But I have avoided the plot for long enough. On December 15, 1969 a Milanese railroad worker by the name of Pinelli, recently arrested for his alleged participation in a terrorist bombing, found his fatal way out a fourth-floor window. He was not arrested at random: since 1944 Pinelli had been a committed anarchist, although a description of his life will not conjure up ideas of chaos and ruthless revolt. In fact, when one reads that Pinelli studied that bland, artificial and completely tasteless equalizer Esperanto, led a fulfilling life as a worker and publisher of articles regarding workers' rights, got married and enjoyed a quiet family existence, one understands the Matto to be anything but mad. Our Matto is bent on proving police and judicial complicity in Pinelli's demise, and to that end he convinces the other characters (Sports Jacket, Superintendent, Journalist, and the only named figure, Inspector Bertozzo) that his aim is to ensure their innocence in the eyes of the law. He also concocts a rather elaborate explanation of what really happened that cold December evening:
It is rumored that during the anarchist's final interrogation, at just a couple of minutes to midnight, one of the officers present started to get impatient, and he came over and gave him a mighty wallop on the back of the neck ... Relax, Inspector ... The result of this was that the anarchist was half-paralyzed and started struggling for breath. So they decided to call him an ambulance. In the meantime, in an attempt to revive him, they opened the window, put the anarchist in front of it, and made him lean out a bit for the cool night air to revive him. Apparently there was a misunderstanding between the two officers supporting him; as often happens in these cases, each of them thought the other one was holding him. 'You got him, Gianni?' 'You got him, Luigi?' And bomp, down he went.
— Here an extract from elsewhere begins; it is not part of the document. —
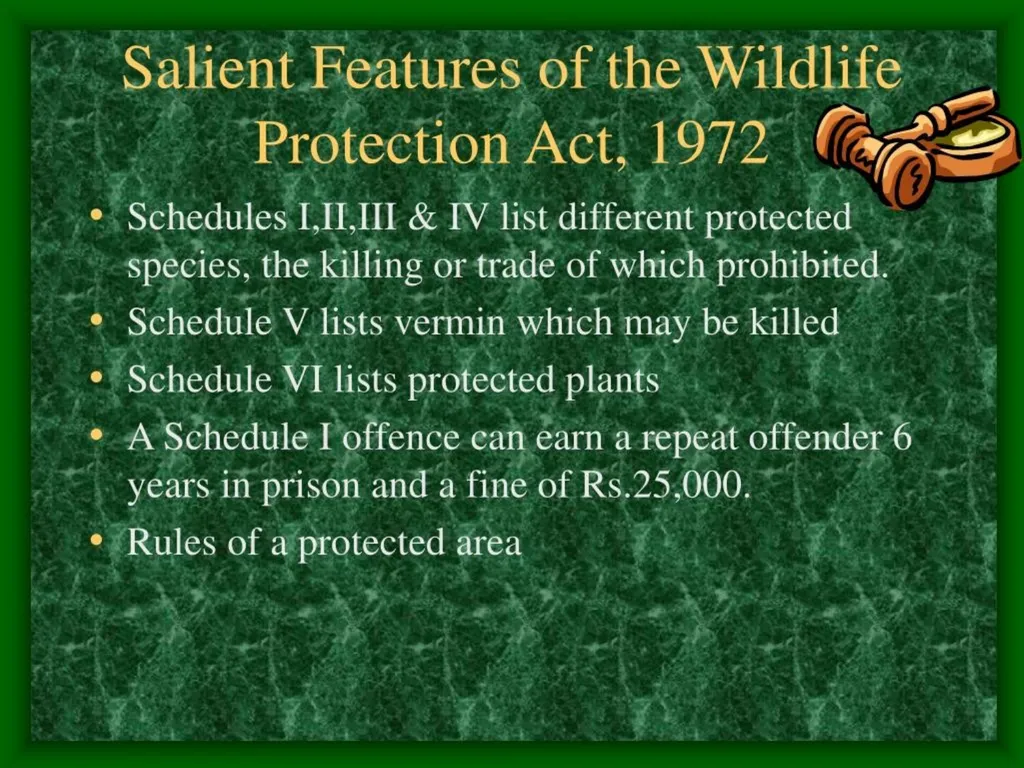 ACTS AND RULES RELATED TO ZOO AND WILD ANIMALS Dr - slide 13 of 18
Why does this description resemble slapstick comedy? Perhaps because that is the only arena in which such a scene could be acknowledged as plausible. Although heavy-handed at times, Fo's work transcends the usual pedantry of satire and begins to graze the fantastic. Surely an anarchist could in fact decide that all is lost and hurl himself towards a concrete grave? Surely an anarchist would be the first suspect on a list of endless suspects and endless crimes that for some inexplicable reason continue to elude Milanese law enforcement officials? Surely paraphrasing a pope, with the omission of two very important words, displays little more than needless erudition? Or perhaps it means that, in time, the truth surfaces from the bottom of every cesspool. Whether we like it or not.